Cash in on change in emerging markets

Each week, a professional investor tells us where he’d put his money. This week: Chetan Sehgal, Lead Portfolio Manager, Templeton Emerging Markets Investment Trust.
After a strong start to 2019, global and emerging-market equities have hit turbulence thanks to changing US Federal Reserve policy and ongoing US-China trade-related negotiations or tweets. Against this volatile backdrop we continue to search for companies with sustainable drivers of earnings growth that can withstand ongoing market uncertainty.

Domestically orientated businesses may be well positioned to benefit from structural demand drivers, such as the confluence of technology and consumption in e-commerce, or consumers’ need for financial services.
Seek out Korea’s top search engine
A structural shift likely to endure is the role of technology in driving global GDP growth, particularly within emerging markets. Naver (Seoul: 035420) is the leading online search engine in Korea and has been early to adapt to changing online advertisement-market dynamics. The company has integrated its search functionality with e-commerce and content to maintain its market leadership. It now handles around a fifth of e-commerce traffic in Korea.

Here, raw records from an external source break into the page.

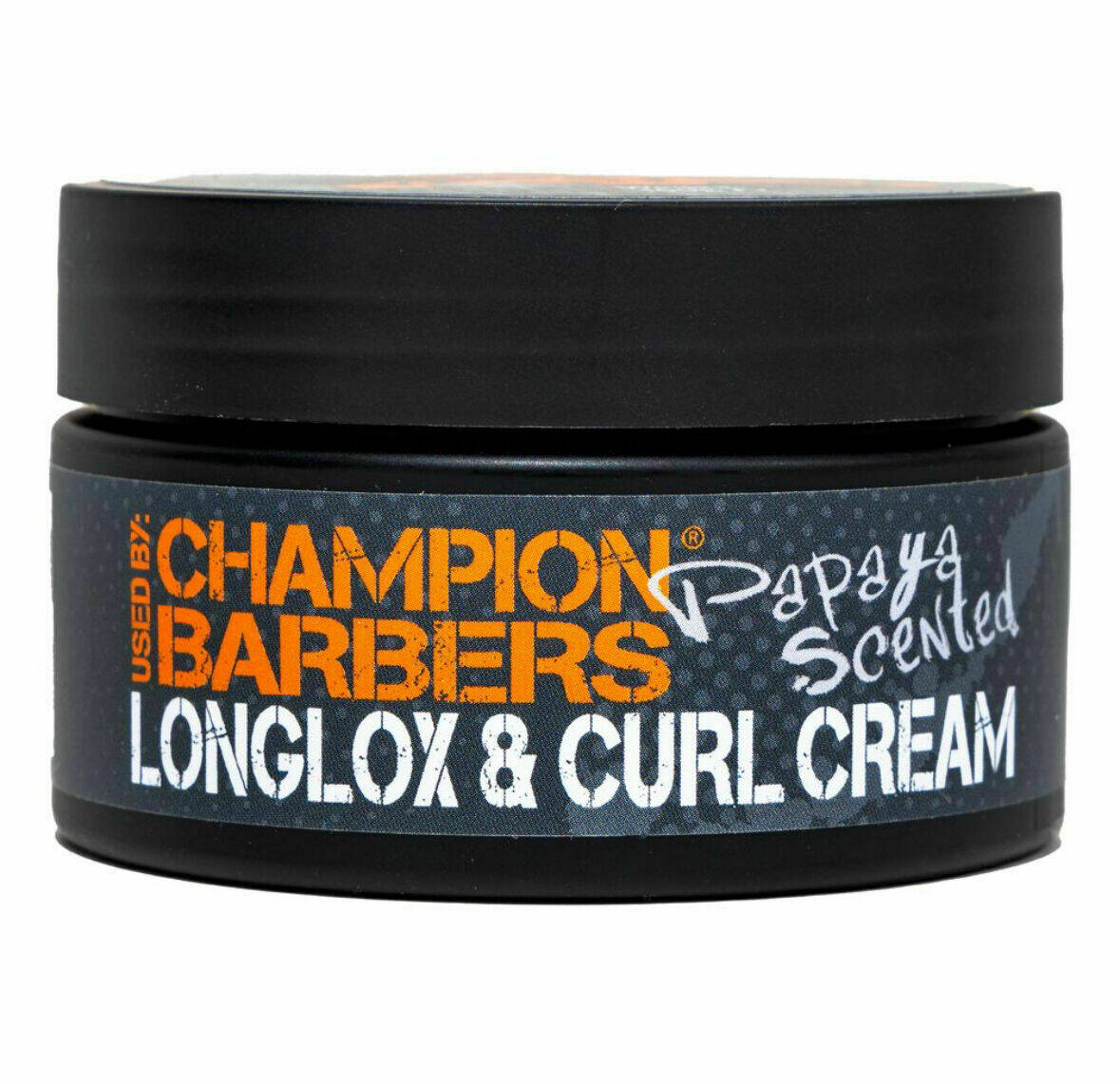 Longlox & curl cream 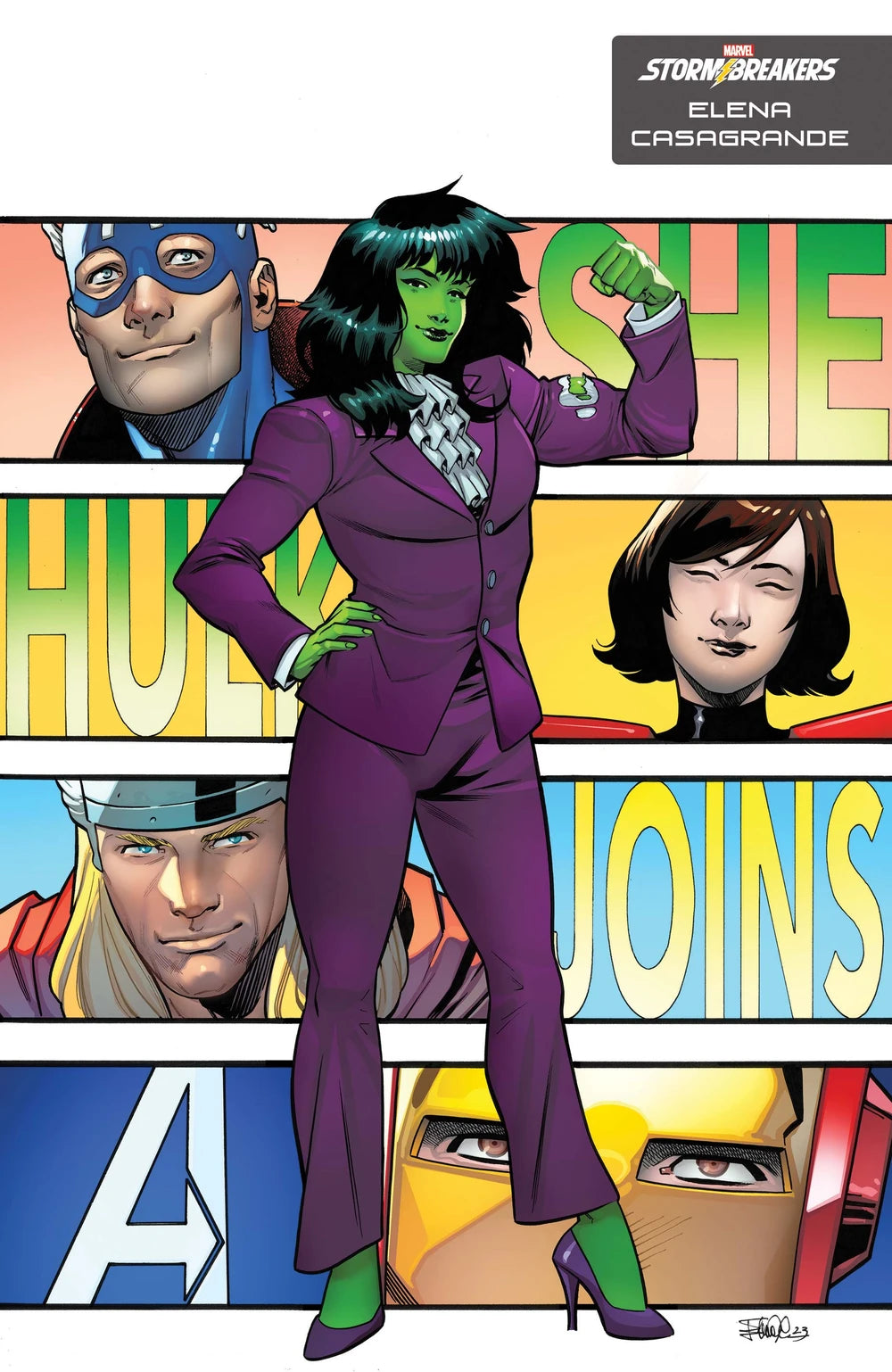 Amazing Spider-Man (2022 7th Series) #28B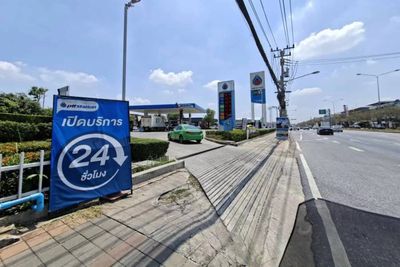 Petrol stations may be closed overnight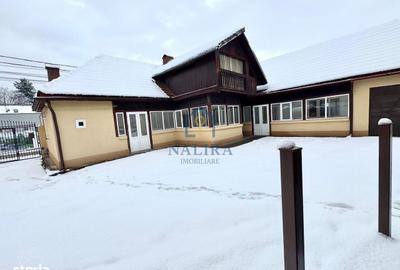 Casă cu 5 camere cu Teren 358 Mp în Valea Roșie - 8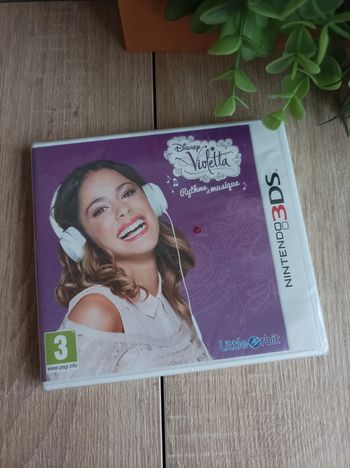 Jeu video Nintendo 3DS Violetta
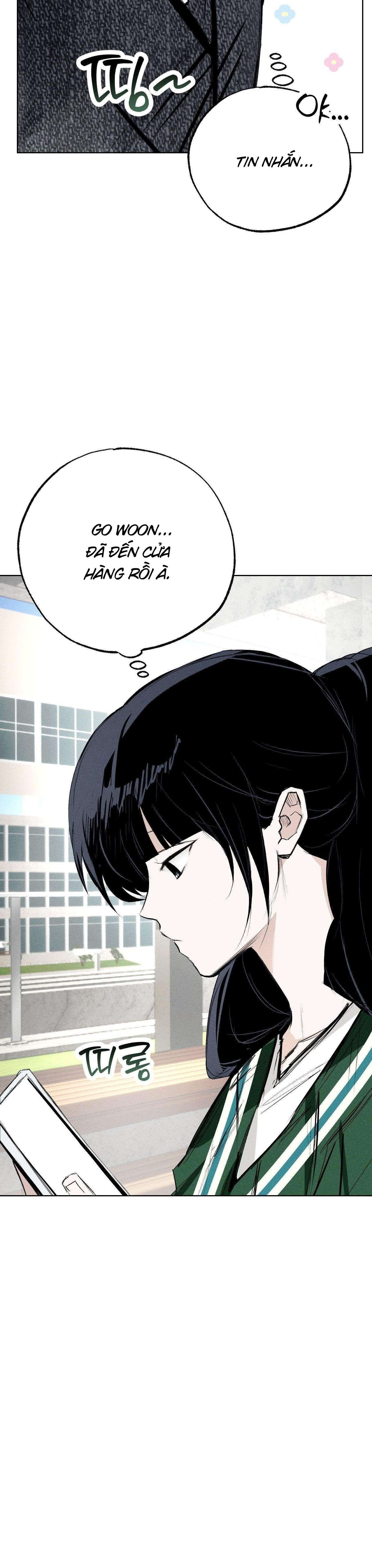 [ 18+ ] Vỏ Bọc Lãng Mạn Chap 7 - Trang 2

Naver is also among the leading payment companies in both Korea (Naver Pay) and Japan (through its social-media subsidiary, Line). It is thus facilitating e-commerce growth as well as benefiting from it. Reflecting the success of this online ecosystem, Naver was ranked ninth on Forbes’ Most Innovative Companies list in 2018.
A boost for Brazil
The election of Jair Bolsonaro (pictured) as president of Brazil boosted hopes of economic reform and an improvement in the growth outlook. Private-sector banks stand to gain from a pick-up in the lending cycle, especially if they have adequately addressed non-performing loans. Banco Bradesco (NYSE: BBD) is one of Brazil’s largest financial conglomerates, providing a full range of banking and financial services.

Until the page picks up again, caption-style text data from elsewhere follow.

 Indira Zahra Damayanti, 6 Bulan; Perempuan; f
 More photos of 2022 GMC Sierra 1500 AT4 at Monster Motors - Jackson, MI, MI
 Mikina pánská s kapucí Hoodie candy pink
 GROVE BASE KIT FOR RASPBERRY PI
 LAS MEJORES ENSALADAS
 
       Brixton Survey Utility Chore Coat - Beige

The company is leveraged to the economic recovery, benefits from a concentrated banking sector and gains from an extensive retail-distribution network that provides exposure to household spending. Ongoing government-led reforms are also expected to unlock demand for corporate lending.
Roaring ahead in Russia
Russia has been a strongly-performing market in the last year despite macroeconomic and geopolitical risks. Sberbank (Moscow: SBER) is the largest bank in Russia and has been expanding its market share as the industry has consolidated.

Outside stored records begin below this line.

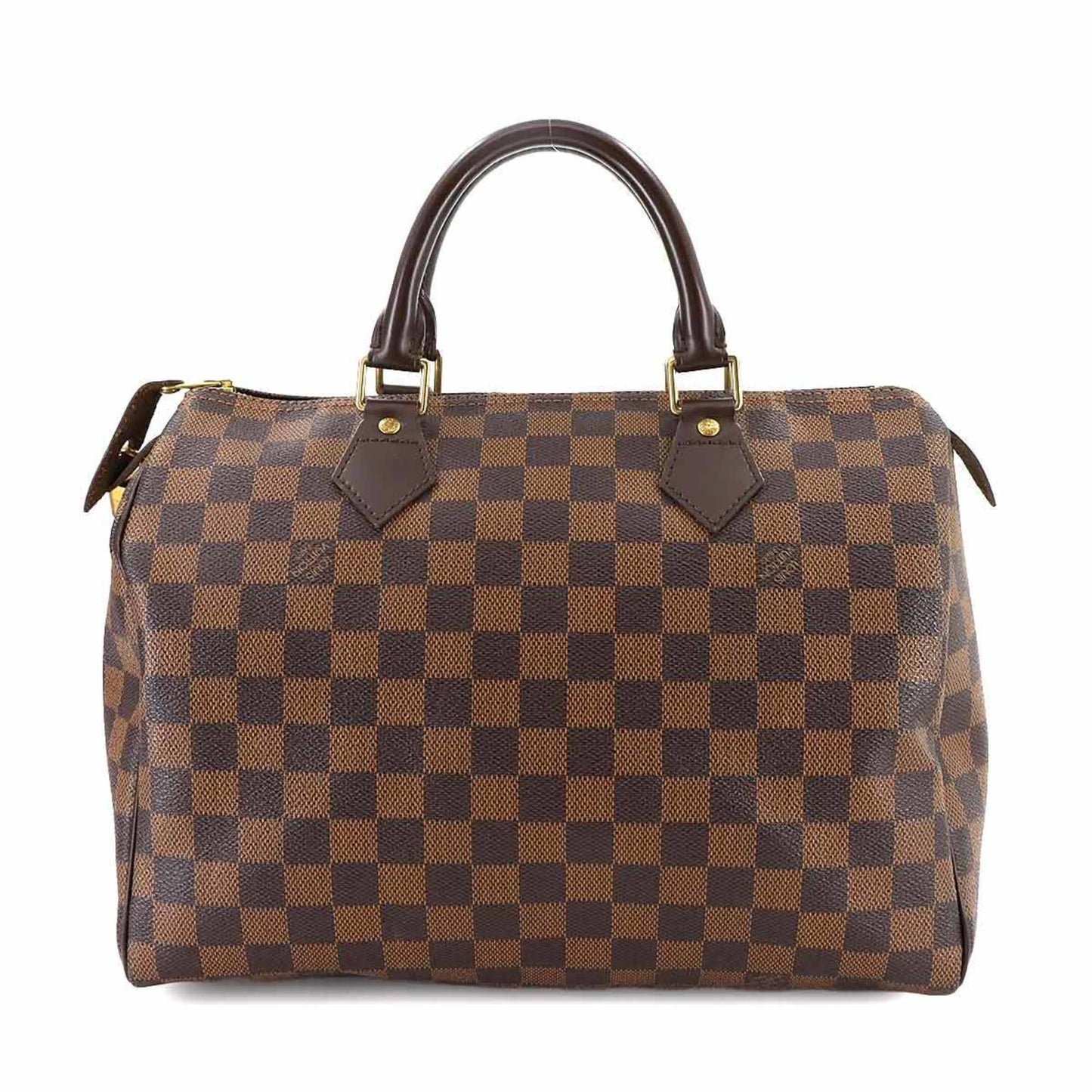 Louis Vuitton Damier Speedy 30 Handbag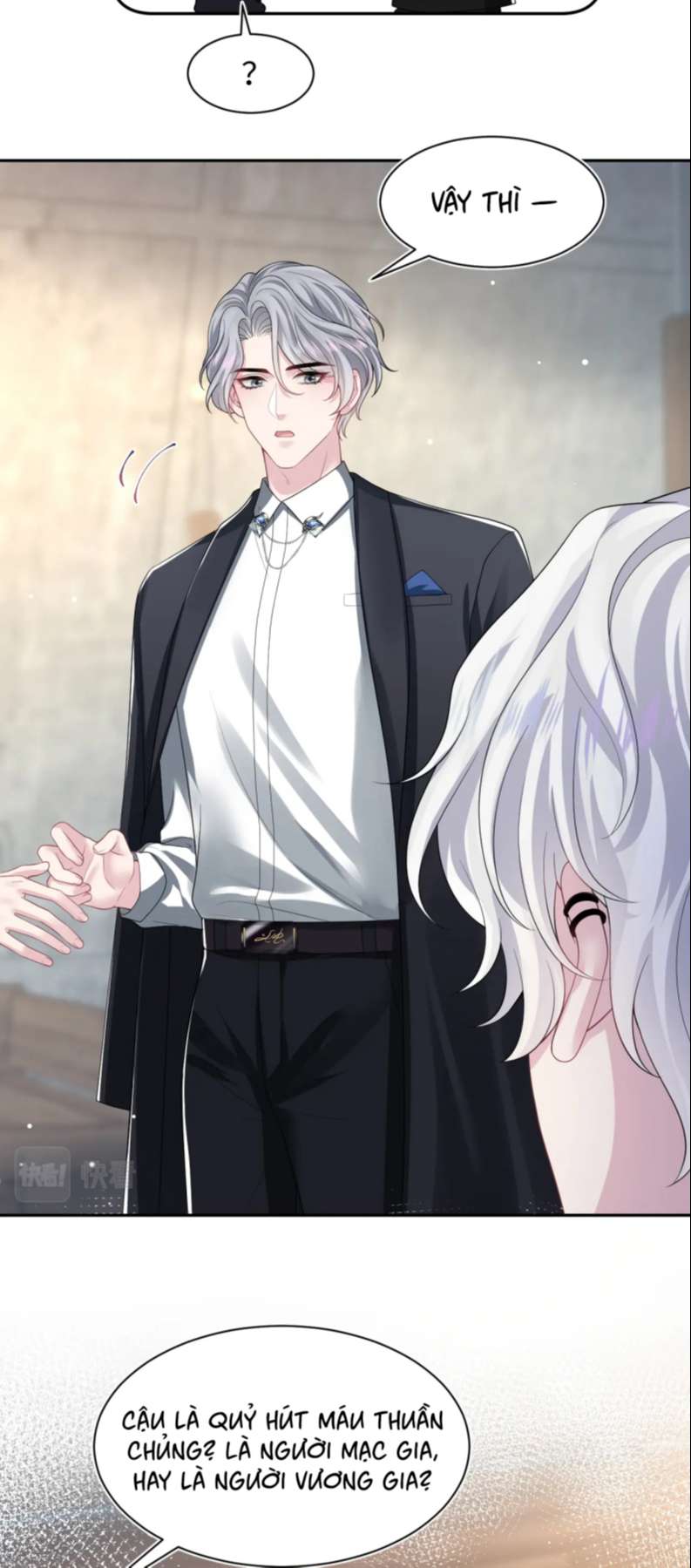 Tuyệt Mỹ Bạch Liên Hoa Online Dạy Học Chap 209 - Trang 4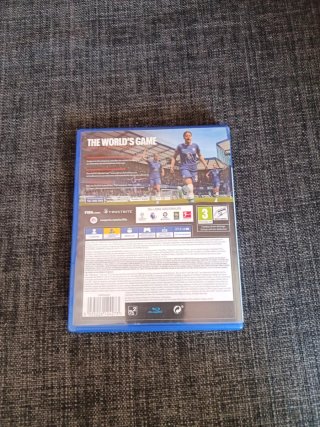 Juegos PS4 FIFA 19 y FIFA 23
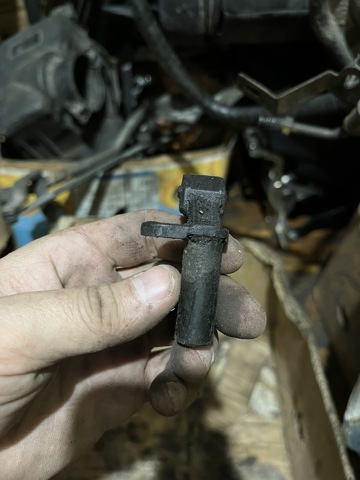ДПКВ Ford Fiesta Mk3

Smaller competitors without access to the state deposit insurance system have fallen by the wayside as they have struggled to attract retail depositors. Sberbank has a strong focus on technology, dominating peer-to-peer transfers and card issuance, while its online mortgage app and e-commerce business are growing. An emphasis on reducing costs (by closing retail branches, for instance) is improving overall efficiency and margins.